La scomparsa del padre lo segnò pesantemente. Berto andò inconto ad una pesante nevrosi che lo fece sprofondare nel silenzio di una dolorosa crisi personale. Fu lì, in quel pozzo infinito, che diede vita al suo massimo capolavoro, al suo romanzo di maggiore successo. “Il male oscuro”, pubblicato da Rizzoli nel 1964, respira le atmosfere di Svevo e Gadda e coinvolge il lettore al ritmo lento e avvolgente di un viaggio a ritroso. Il romanzo parla di lui e dell’abisso, del rapporto conflittuale con il padre e dell’emergere di un’inquietudine destinata a permeare ogni orizzonte sino a trasformarsi in palpabile angoscia, sino a farsi ansia se non paranoia. “Il male oscuro” è la cronaca di una psicosi da cui è praticamente impossibile uscire. E’ il diario di una malattia da cui non si guarisce, ma con cui si deve convivere nell’ambito di una fragile e incerta tregua. Quello di Berto è uno straordinario viaggio ai confini della catastrofe, un balletto ai margini del buio. E’ uno scandaglio nelle profondità dell’anima a caccia di cadute e sprofondi. E’ il racconto di un diverso e doloroso punto di vista.

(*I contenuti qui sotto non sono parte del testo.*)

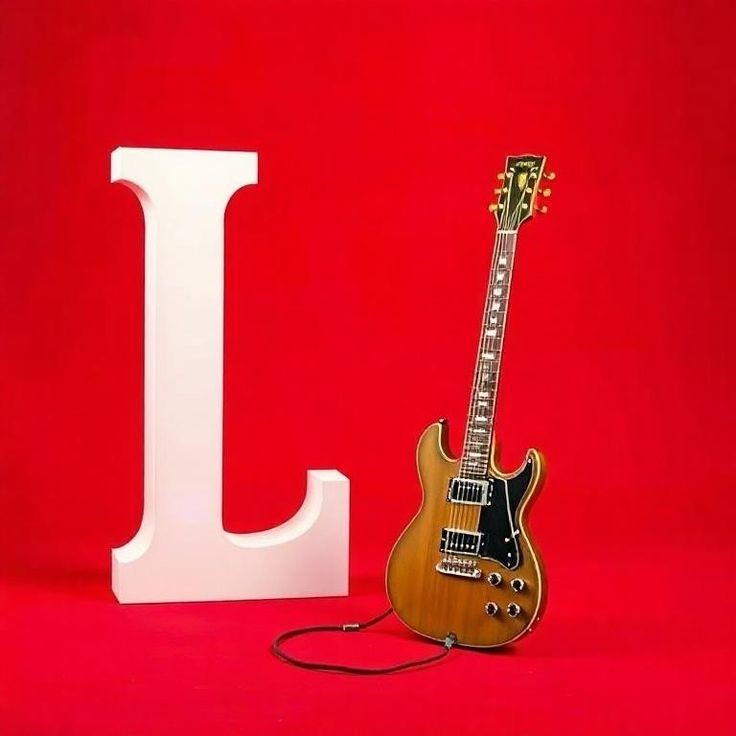 Guitar — letter L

Uno stile epocale e innovativo

La sua rimane una scrittura radicale e d’avanguardia. Berto rivoluziona i canoni e gli stessi stilemmi dello scrivere, gettando alle ortiche forme e convenzioni in favore di uno stile innovativo e originale che scioglie la narrazione in una prosa priva di grammatica e regole ortodosse, di punti e virgole, veloce, drammatica, incalzante, ipnotica e onirica. Proprio quel peculiare incrocio di temi non convenzionali, registri emotivi e stili originali lo accosterà per sempre ai più grandi, a Svevo, Gadda, Celine e Bernhard, facendone uno dei più grandi talenti dimenticati del Novecento italiano.

“Hemingway diceva che uno scrittore, se è abbastanza buono, deve misurarsi ogni giorno con l’eternità, o con l’assenza di eternità. Io non posso giurare d’essere uno scrittore abbastanza buono, però la fatica di misurarmi con l’eternità o, peggio, con l’assenza di eternità, la conosco anch’io.”